I opened mikemccand/luceneutil#423 to add the functionality to get back the disassembled code using perf tool. It helps to see into what instructions got executed (and even more events that we like to look into). I used it to verify that for 7-bit case in this PR to ensure on ARM aarch the SDOT instruction (specifically for dot product calculations) is getting used in candidate as expected like below :

WHOA! This looks awesome! So it uses perf tool to execute knnPerfTest, recording a histogram of which instructions executed how many times or so? And then we check for which instructions we think we know we want to see executed based on the current CPU arch / revision (sdot in this case)?

shubhamvishu · 2025-12-12T18:36:39Z

Hi,

Here at Amazon (customer facing product search), we’ve been testing this native dot product implementation in our production environment(ARM - Graviton 2 and 3) and we see 5-14x faster dot product computations in JMH benchmarks and we observed semantic latency improving from 62 msec to 28 msec (avg) for 4K embeddings(4.5 MM). Overall we saw 10-60% improvement on end-end avg search latencies in different scenarios (different sized vectors, vector-focused search vs search combined with other workloads). We haven’t tested all other CPUs types yet. I'm working on a draft PR on top of this PR with following changes and planning to raise it soon :

Removing the overhead from heap to off-heap copying by utilizing Linker.Option.critical, which eliminates unnecessary copying
Runtime dispatch using IFUNC to choose SVE vs NEON vs scalar implementation at runtime based on available intrinsics
Build related changes to generate the binary

We kept the native code isolated in the misc package and not getting it in the core module which we know is highly discouraged.

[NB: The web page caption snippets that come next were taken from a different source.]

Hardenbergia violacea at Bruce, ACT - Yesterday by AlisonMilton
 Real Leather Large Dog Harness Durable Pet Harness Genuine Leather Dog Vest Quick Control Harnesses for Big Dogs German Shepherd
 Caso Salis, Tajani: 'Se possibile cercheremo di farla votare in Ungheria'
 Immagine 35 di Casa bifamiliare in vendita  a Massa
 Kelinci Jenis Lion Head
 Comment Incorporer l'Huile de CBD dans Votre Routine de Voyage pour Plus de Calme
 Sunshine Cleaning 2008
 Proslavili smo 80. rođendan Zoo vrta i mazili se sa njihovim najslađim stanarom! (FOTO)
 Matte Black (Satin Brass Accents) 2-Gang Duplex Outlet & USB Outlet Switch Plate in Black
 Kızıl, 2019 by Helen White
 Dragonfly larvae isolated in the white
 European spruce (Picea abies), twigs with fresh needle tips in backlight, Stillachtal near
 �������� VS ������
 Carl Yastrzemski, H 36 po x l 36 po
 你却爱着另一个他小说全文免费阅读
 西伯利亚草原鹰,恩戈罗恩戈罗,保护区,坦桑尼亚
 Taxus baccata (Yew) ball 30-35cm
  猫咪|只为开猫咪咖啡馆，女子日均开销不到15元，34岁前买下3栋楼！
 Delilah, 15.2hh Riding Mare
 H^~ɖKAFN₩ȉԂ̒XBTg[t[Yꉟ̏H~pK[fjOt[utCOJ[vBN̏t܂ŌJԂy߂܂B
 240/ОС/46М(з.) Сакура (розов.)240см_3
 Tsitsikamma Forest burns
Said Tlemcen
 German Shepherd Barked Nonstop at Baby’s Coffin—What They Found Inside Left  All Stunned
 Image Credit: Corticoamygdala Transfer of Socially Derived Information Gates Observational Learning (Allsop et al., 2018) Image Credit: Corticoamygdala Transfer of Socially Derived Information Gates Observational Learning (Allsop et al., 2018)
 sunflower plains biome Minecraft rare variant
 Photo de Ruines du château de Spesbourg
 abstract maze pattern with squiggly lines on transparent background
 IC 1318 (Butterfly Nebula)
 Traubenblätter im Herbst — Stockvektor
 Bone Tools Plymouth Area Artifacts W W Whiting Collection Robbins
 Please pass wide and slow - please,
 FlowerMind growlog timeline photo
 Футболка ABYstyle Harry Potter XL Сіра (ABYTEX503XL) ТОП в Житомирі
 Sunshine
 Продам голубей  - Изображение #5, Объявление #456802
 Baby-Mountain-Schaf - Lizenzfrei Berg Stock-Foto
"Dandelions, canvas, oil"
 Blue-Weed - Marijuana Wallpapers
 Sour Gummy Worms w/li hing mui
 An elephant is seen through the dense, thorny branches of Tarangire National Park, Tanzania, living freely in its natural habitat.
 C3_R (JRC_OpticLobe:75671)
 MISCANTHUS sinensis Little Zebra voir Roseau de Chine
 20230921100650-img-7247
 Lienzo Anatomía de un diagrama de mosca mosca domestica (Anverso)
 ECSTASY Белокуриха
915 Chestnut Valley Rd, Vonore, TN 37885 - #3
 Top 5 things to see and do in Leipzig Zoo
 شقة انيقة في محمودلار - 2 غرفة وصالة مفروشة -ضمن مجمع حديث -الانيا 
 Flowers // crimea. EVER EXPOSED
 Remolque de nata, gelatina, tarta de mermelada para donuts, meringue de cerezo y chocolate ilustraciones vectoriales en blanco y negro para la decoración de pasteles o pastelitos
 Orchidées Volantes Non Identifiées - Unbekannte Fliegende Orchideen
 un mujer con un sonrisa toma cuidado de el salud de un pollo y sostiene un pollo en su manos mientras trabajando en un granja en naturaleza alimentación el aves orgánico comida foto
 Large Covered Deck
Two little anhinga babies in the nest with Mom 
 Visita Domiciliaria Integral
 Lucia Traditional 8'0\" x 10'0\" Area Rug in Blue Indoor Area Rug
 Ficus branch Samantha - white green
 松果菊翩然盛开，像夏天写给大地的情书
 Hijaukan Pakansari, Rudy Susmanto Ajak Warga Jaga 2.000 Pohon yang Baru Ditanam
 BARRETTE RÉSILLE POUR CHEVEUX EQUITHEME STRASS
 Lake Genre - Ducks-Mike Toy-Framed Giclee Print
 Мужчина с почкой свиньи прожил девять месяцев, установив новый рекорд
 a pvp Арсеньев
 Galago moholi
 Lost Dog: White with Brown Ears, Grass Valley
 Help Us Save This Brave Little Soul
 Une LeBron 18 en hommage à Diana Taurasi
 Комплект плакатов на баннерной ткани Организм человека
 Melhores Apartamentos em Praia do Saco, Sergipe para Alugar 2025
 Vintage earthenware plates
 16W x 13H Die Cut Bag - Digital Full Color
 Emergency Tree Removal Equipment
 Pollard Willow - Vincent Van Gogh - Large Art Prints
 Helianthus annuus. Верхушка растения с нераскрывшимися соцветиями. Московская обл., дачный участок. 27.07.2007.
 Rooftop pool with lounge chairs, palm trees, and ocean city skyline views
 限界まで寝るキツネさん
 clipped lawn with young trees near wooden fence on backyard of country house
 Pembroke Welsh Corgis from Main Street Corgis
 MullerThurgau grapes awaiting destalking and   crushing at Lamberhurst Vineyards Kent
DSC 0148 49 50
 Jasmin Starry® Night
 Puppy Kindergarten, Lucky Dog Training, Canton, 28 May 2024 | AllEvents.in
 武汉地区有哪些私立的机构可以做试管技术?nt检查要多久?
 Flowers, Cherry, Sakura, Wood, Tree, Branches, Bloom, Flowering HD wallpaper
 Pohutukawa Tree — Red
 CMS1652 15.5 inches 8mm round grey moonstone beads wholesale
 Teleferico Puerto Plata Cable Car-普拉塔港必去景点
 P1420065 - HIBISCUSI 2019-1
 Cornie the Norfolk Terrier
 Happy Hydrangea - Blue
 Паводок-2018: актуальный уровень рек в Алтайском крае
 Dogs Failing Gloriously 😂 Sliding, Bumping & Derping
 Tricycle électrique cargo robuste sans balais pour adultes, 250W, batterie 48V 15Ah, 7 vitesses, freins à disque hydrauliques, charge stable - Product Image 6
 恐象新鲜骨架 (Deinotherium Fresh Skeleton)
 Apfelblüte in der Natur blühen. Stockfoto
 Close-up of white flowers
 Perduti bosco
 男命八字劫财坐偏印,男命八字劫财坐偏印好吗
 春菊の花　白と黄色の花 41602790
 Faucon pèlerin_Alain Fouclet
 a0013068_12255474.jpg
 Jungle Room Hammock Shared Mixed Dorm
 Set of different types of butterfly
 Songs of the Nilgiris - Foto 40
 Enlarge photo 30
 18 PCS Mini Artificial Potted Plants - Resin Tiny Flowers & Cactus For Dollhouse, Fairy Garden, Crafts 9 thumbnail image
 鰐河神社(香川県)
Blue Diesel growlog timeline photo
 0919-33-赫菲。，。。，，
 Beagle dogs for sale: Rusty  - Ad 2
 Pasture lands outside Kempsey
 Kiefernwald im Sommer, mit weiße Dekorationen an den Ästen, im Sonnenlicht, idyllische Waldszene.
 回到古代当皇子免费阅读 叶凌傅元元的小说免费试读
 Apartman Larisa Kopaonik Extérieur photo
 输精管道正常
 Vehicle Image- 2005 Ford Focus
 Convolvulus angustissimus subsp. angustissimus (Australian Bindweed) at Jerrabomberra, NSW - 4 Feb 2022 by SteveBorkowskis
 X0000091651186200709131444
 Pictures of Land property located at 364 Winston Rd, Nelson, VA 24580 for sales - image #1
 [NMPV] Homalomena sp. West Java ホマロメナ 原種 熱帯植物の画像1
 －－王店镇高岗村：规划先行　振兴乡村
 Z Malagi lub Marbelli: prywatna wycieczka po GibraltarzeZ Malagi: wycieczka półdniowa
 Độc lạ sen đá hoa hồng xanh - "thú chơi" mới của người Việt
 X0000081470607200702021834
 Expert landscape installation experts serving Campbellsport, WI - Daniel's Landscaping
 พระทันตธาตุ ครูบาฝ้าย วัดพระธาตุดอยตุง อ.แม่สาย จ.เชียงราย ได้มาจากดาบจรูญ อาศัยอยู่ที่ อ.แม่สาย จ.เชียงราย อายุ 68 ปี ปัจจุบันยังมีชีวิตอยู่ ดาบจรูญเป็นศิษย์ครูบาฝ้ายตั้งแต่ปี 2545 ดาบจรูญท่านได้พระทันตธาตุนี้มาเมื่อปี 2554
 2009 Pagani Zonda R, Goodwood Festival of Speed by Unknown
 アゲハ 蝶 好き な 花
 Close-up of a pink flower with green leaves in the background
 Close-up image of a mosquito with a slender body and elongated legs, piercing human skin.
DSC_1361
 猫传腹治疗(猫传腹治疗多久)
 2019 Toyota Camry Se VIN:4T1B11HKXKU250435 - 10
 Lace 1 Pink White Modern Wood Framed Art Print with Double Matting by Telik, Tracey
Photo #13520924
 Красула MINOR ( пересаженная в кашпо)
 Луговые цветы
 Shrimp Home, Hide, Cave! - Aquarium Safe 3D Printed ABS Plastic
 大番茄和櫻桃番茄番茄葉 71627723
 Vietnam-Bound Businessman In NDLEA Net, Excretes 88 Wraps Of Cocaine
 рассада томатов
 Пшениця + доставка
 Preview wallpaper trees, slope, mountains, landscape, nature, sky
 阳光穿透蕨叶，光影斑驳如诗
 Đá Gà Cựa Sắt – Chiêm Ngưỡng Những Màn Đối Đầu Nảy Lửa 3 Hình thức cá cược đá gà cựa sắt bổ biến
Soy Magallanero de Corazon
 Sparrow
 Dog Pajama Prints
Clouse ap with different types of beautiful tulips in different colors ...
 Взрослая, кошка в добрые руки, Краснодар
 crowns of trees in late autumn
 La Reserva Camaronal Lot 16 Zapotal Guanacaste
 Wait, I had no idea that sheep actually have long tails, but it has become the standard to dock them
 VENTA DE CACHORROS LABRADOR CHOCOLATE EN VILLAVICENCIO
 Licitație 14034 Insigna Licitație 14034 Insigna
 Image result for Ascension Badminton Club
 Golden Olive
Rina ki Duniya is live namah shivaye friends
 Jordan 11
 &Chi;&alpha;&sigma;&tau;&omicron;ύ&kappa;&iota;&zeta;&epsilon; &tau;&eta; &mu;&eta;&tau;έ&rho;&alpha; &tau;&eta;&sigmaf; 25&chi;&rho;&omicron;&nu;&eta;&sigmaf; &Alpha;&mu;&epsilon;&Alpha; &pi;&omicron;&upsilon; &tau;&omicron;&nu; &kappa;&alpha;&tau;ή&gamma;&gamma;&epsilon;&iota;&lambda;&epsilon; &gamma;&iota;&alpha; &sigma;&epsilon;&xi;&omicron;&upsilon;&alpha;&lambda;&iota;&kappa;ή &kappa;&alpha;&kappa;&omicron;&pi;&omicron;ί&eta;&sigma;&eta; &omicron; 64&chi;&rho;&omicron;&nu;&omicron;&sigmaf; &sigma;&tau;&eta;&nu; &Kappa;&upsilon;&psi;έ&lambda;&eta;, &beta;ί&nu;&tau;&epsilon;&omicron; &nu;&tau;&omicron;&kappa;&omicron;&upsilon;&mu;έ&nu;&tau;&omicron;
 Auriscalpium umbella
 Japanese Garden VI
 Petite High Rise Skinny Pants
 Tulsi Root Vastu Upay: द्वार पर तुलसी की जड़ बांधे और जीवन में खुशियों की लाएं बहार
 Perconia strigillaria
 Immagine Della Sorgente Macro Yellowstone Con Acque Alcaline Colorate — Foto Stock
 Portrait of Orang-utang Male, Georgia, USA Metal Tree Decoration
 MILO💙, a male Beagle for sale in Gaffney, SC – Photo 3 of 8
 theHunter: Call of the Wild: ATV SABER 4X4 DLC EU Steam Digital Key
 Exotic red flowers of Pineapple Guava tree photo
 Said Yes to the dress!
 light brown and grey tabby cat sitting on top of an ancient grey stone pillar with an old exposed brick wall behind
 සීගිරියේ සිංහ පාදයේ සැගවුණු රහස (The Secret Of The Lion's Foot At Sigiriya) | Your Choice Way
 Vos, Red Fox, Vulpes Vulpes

Additionally, PR #15285 would later help eliminate some code duplication and enable a cleaner implementation similar to PanamaVectorUtilSupport - potentially through a NativeVectorUtilSupport class?

Our benchmarking suggests substantial optimization potential for ARM-based deployments, and we believe this could benefit the broader Lucene community. We hope to make it easy for any Lucene user to opt-in to this alternative vector implementation ideally. We're committed to refining this implementation based on community feedback and addressing any concerns during the review process. I'm eager to hear the community's thoughts on this change, as there appears to be significant optimization potential for ARM architectures that could benefit many users. Thank you!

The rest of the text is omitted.